Press freedom dream elusive, decades later

By STANDARD TEAM

Press freedom is a rumbling issue in every regime, as boundaries are tested and principles constantly defined and redefined, and Kenya has been no exception. But talking about the relationship has always been a slightly difficult and contorted affair, as the story carried by The Standard on May 10, 1983 attests.

The story reported how a Daily Nation correspondent Paul Muhoho had authored a story accusing the police of harassment and paying ‘unnecessary’ visits to his home in Nakuru on the pretext of searching for him. The Standard splashed the story of the police response on page one, as: Tipis hits at ‘Nation’.

Today the story of the police hunting down a journalist would barely pass for a filler on a prime page. But in 1983, when the story was published, it wasn’t uncommon to see rival establishments report it as big story or as adverts.

Then Minister of State in the Office of the President Justus ole Tipis had hit out at Daily Nation for claiming policemen had been harassing its correspondent.

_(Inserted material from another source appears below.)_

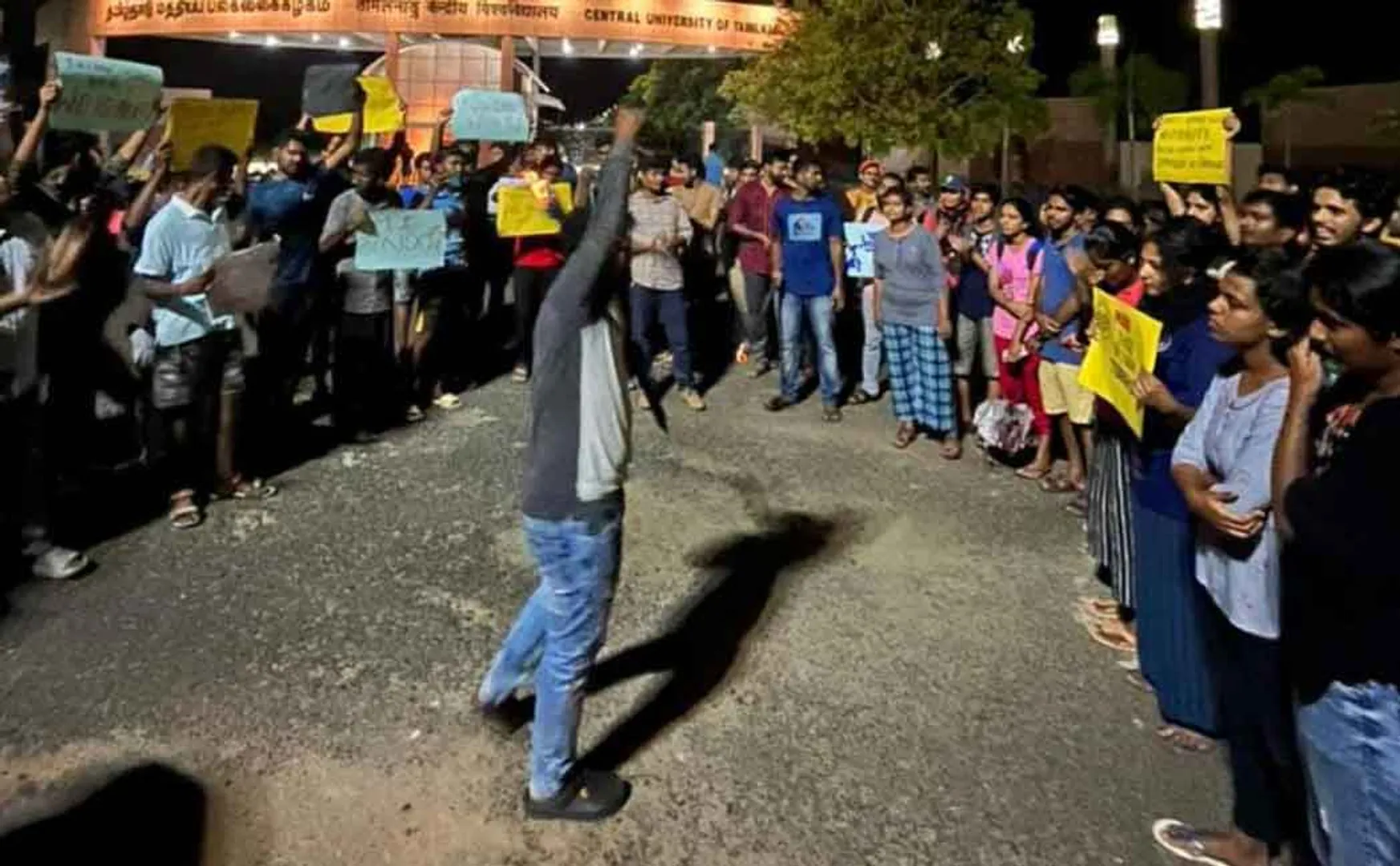 Thiruvarur Central University students struggle at midnight!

“Reacting to a news item carried in page one of yesterday’s issue of the newspaper, which said men claiming to be policemen visited Muhoho’s home at Ojukwu estate in Nakuru last Friday for the fourth time, Tipis said the Government would not tolerate unresearched and unauthenticated stories, whose objective appeared to be causing alarm and despondency,” reported The Standard.

Press Freedom vs Responsibility

The story was based on a statement that had been issued by Tipis the previous day in Nakuru in which the minister said the matter had ‘regrettably dragged on for too long without any real evidence or facts on the matter’.

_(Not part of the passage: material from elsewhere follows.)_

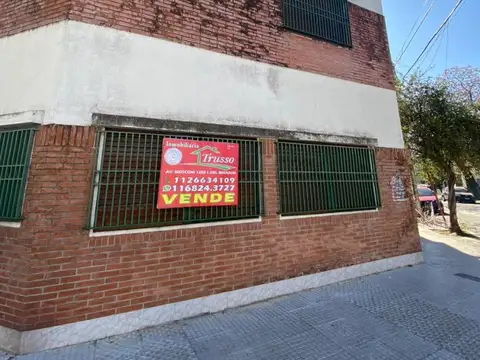 Casa 6 ambientes flores sobre la calle Moron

The police had no idea the issue would grab newspaper headlines. It seemed the visits to Muhoho’s home were meant to intimidate the correspondent and stop him reporting some sensitive issues, but the plot backfired when the two biggest newspapers started giving the issue more attention than it deserved.

Tipis swiftly reminded all that Press freedom was guaranteed by the Constitution. “However, the Press, and the Daily Nation in particular, must be reminded of their duty to enjoy and exercise this freedom responsibly and in the interest of the welfare of the people. This means the news items they publish ought to be authenticated before being printed. This is more so in sensitive issues affecting the life, liberty and the security of the citizens,” reported the paper, adding that, unfortunately, in the matter of Muhoho and the Nakuru police, the Daily Nation seemed to have been wide off the mark.”

The matter dragged on for some time, with tits and tats about the visits, the identities, the point of all the police interrogations of Muhoho, but in the end, it was a tale that faded out — to be followed by relations in the years to follow that marked much greater drama in the delicate balance of Press freedom.

Just last month, the Standard Group reporters Mohammed Ali and John Allan Namu were threatened by people thought to be police, following investigative stories they aired on KTN. As things stand, in 2013, the threats drew no safety reassurance from the State.

Similarly, in the run-up to the last general elections, photojournalists Dennis Okeyo and John Otanga reported that GSU officers confiscated memory cards from their cameras and other valuables as they covered riots in Kibera.

Survey on journalists’ safety

However, far more boldly, a few years back, the State used foreign masked mercenaries to lead an attack into the Standard Group newsroom under the pretext of an alleged exposé which the Government claimed threatened national security. However, the Standard Group maintains there was none.

Even earlier, in the clamour for multi-party politics in the 1990s, several journalists were arrested and locked up, allegedly for being against the Government, revealing absolute low point in the country’s poor score on Press freedom.

Last week, President Uhuru Kenyatta assured all he would be upholding media freedom, as part of his address during the Freedom of the Press Day.

Fifty years into Kenya’s history, Press freedom is most clearly not at its lowest point, nor has it reached a level where journalists’ security is secured: a point made resoundingly just days ago by the Media Council, with its launching of a baseline survey on the safety of Kenyan journalists, and conclusions that many in the profession still feel far from safe.